**Data in this exercise**
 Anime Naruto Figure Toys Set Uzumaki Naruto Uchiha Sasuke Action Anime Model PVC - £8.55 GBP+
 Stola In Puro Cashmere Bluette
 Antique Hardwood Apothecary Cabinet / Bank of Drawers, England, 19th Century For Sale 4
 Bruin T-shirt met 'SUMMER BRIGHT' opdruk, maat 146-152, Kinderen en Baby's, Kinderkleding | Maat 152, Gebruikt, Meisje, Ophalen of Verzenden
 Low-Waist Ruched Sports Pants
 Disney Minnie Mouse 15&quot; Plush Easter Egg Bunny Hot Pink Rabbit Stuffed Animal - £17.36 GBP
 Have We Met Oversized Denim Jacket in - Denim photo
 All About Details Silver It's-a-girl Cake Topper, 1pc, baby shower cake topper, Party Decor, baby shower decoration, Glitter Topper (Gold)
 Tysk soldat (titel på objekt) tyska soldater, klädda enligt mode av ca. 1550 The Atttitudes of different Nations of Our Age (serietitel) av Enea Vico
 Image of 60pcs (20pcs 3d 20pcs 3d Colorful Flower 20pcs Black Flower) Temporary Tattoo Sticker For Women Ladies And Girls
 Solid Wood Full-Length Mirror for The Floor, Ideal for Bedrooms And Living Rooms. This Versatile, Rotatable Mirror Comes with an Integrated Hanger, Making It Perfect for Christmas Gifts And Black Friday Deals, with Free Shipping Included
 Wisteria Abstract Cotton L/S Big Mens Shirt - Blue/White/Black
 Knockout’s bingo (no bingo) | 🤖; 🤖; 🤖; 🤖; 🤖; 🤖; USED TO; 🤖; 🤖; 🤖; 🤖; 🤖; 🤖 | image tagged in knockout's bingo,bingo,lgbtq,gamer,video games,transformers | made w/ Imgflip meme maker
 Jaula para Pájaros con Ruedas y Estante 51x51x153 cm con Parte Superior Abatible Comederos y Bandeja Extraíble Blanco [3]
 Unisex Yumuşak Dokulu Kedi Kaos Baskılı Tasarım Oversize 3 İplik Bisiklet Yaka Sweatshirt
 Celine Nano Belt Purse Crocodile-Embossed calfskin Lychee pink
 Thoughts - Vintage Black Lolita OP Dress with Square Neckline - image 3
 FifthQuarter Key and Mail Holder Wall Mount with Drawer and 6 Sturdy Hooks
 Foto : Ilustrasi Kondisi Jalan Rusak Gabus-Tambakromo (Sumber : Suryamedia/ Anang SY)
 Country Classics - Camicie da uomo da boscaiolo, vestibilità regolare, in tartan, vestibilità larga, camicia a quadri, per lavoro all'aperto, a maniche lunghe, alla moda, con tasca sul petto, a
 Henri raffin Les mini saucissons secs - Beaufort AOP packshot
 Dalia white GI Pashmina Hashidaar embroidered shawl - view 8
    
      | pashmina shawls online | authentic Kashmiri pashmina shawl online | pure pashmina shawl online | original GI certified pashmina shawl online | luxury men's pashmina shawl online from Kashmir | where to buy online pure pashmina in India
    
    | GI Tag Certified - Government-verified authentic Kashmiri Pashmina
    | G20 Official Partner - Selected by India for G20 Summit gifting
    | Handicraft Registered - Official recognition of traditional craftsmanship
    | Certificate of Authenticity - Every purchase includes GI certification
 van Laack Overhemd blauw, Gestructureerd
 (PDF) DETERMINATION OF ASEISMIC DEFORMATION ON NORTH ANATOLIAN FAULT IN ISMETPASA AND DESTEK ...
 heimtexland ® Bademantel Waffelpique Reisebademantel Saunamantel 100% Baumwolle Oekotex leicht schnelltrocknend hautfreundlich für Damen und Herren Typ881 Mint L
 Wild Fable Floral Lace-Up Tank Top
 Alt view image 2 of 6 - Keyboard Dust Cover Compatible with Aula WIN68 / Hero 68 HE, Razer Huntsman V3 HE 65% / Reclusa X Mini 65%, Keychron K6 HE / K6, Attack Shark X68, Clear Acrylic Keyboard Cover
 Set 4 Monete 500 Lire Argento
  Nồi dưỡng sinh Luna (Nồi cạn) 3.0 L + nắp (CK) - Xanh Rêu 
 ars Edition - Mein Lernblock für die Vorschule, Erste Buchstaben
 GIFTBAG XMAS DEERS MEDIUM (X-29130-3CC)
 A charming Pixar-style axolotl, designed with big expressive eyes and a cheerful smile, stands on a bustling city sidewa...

**Task prompt**
Take the word "Official" and find each line of the material that contains it. Copy those lines.

**Response to the exercise**
    | G20 Official Partner - Selected by India for G20 Summit gifting
    | Handicraft Registered - Official recognition of traditional craftsmanship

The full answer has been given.